I don't know why the hell am I here anyway. Why the hell I torture myself? I guess the reason I gave myself before isn't that valid anymore. It didn't turn out as perfect as I wished and happened the conflicts that I didn't expect to happen.

There's few things happened on me recently and I feel so terrible. Feels like staying in my room for the rest of my life. The feeling is like you got an E for your Maths and your mom punished you by not letting you have snacks for a month, then your dad came to you with a cane. And your brother laughed at you. Even I have friends, they just don't understand and wouldn't show up at the right time. And I can't go anywhere by myself at the hour where everywhere is closed. So shit.

I'm weak, emotionally. I can cry for little stuffs and situations that's not pleasant at all.

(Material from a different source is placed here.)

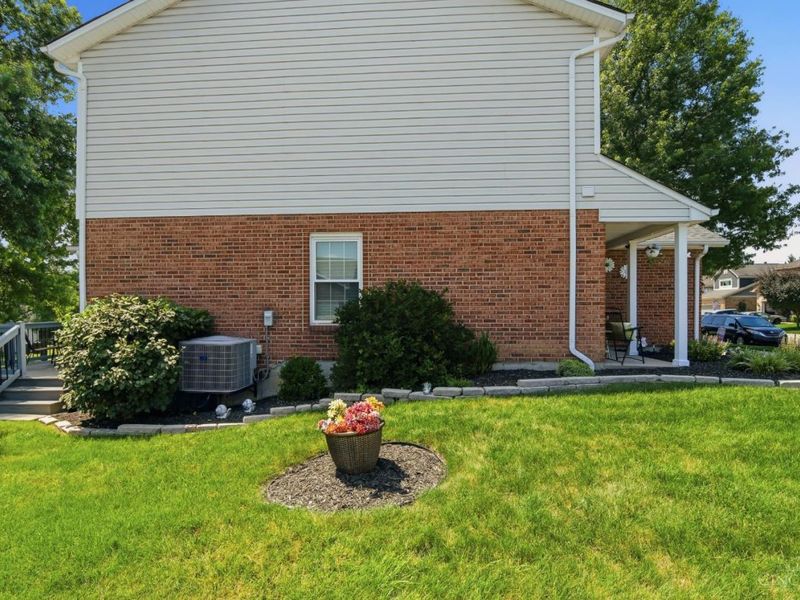 5915 Leeside Trail, Green Township, OH 45248 Photo 4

2 days ago, someone stole my Pendrive. I forgot to unplugged it out from the CPU, 5 minutes later, it's gone. I asked around, even the tutor. I cried once I stepped out of the lab. Not like it has important things inside, but it's my 3rd one. My very 3rd one! Also given by him. I just can't believe it disappear from my side again. When do I freaking learn my lesson?!

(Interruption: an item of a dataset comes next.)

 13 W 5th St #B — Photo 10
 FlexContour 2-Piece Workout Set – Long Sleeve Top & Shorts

The worst part of the day is, my steamed chicken rice fell in the bus while I was going to tag my card! My dinner!! And, the driver had to sweep the floor before it depart. I was thinking why the hell it happened on me. It just sucks terribly.

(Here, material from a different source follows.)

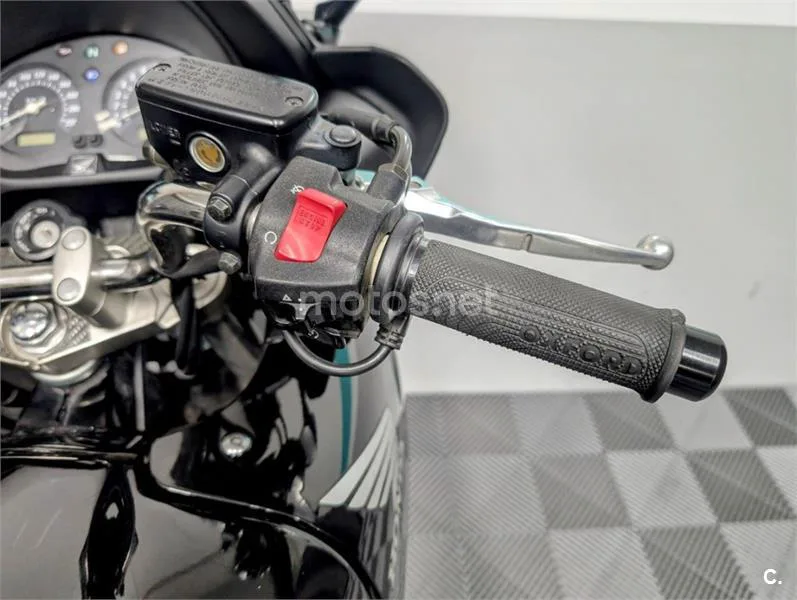 Honda CBF 600 S – Vista 12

For that half day, I didn't eat anything. I was starving till I wanna cry. But I beared it till I had to cook my own dinner. I've grown up. Not the girl that cries when she doesn't have food in front of her anymore. Because I'm without him now.

2 stars*:

Cathy C said...

aiyooorr...why you sound so emo?? make me feel like you damn cham like that...few more months then graduate edi..patience ya

_VeL_ said...

Once a while, I'm this emotional wan la. Anyway, can't wait for the last day of the semester. It's just so stress sometimes.